Por la gracia del amor el velo que nos separa de la
realidad cada vez es más tenue. Uno experimenta
el gozo profundo de esta proximidad, y es entonces cuando
es invadido por la percepción de la Belleza.
Porque, verdaderamente, no hay nada más que la
unidad divina. Los velos enturbian la percepción
y el mundo es como una sombra efímera; la sombra
no dura nada. Cuando el sol se eleva sobre un objeto
crea, durante un momento, una sombra que luego desaparece.
Lo mismo sucede con el mundo con relación a la
Realidad".
"
Quiero al amor mas que a cualquier otra cosa. Recemos
para que Dios no nos lo retire "
Para
terminar este pequeño libro de presentación
de la Vía Qadiriya Botchichiyya hace falta insistir
en que ésta es una Vía del justo medio.
Si las actuaciones de ciertos discípulos pueden
parecer a veces extrañas, o incluso incongruentes,
para aquellos que no comparten su experiencia interior,
debemos esforzarnos en respetar lo que no conocemos.

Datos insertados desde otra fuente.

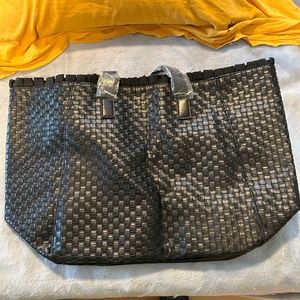 TOTE BAG, LARGE, BRAIDED DESIGN, FABRIC RUFFLES ALONG TOP, WATERPROOF, NEW, BLAC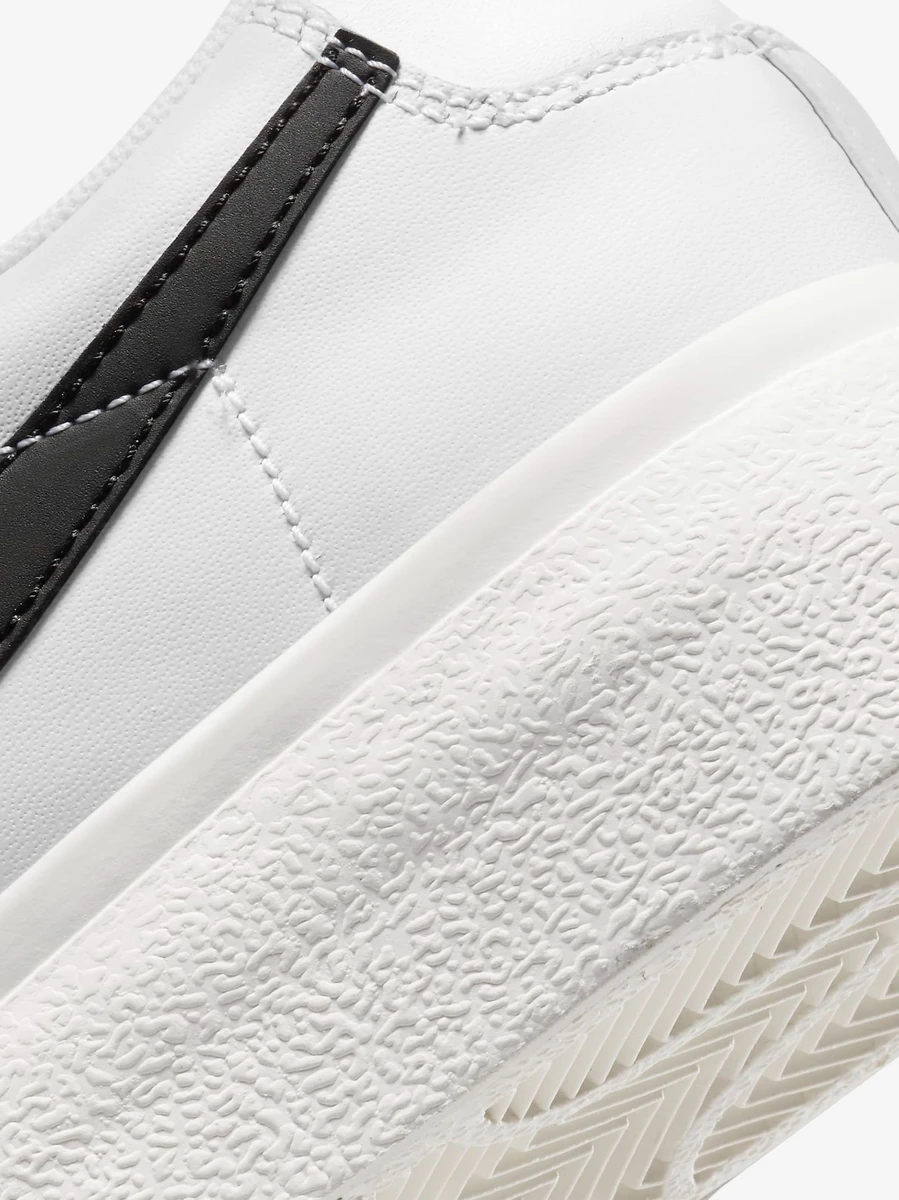 Nike Кеды женские BLAZER LOW PLATFORM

Si alguien realiza un trayecto de catorce horas de viaje
para pasar solamente una hora con su amado/a se le puede
tratar de loco, pero también se puede pensar
que lo hace porque ahí encuentra algo que no
lo ha podido encontrar en ningún otro lado.
No
es una cuestión de querer cambiar a los demás
sino de trabajar sobre uno mismo. No se trata de imponer
algo a alguien sino de darse a uno mismo una regla de
vida que nos ayude a liberarnos de nuestro ego. "
Amad a todas las criaturas cualquiera que sea su religión,
raza u opinión. Cada uno está en el lugar
donde Dios lo ha puesto y a nosotros no nos toca juzgarlo.
Evitad todo odio y toda forma de disensión: Dios
no visita un corazón que odia" nos aconseja
Sidi Hamza. La progresión espiritual del discípulo
se traduce por un embellecimiento de su comportamiento
sobre el conjunto de las cosas y los seres creados mediante
la práctica del amor, el respeto, la tolerancia,
el altruismo y la humildad. Jesús decía
" juzgaremos al árbol por sus frutos ".
Si éste embellecimiento no se produce es que
el discípulo tiene un problema de orientación
y que su intención no es justa. No se trata de
adoptar una máscara suplementaria, otra etiqueta
más a las ya adquiridas o de adherirse a un comportamiento
o a unas técnicas: se trata de transformar. Es
el camino de toda una vida y este camino es ilimitado.
Pero sólo una Vía viva puede ofrecernos
los medios para esta transformación aunque éstos
parezcan, a primera vista, irracionales; aquí
no estamos hablando de la razón.
En
este sentido Sidi Hamza dice: "No nos podemos fiar
de la sola comprensión mental. Existe un mental
sensible y un mental luminoso. El mental sensible tiene
un límite y para traspasarlo hay que trabajar
sobre uno y frecuentar a los hombres de Dios. Sólo
Dios puede transformar el mental sensible en el mental
luminoso, un mental iluminado por la luz del corazón.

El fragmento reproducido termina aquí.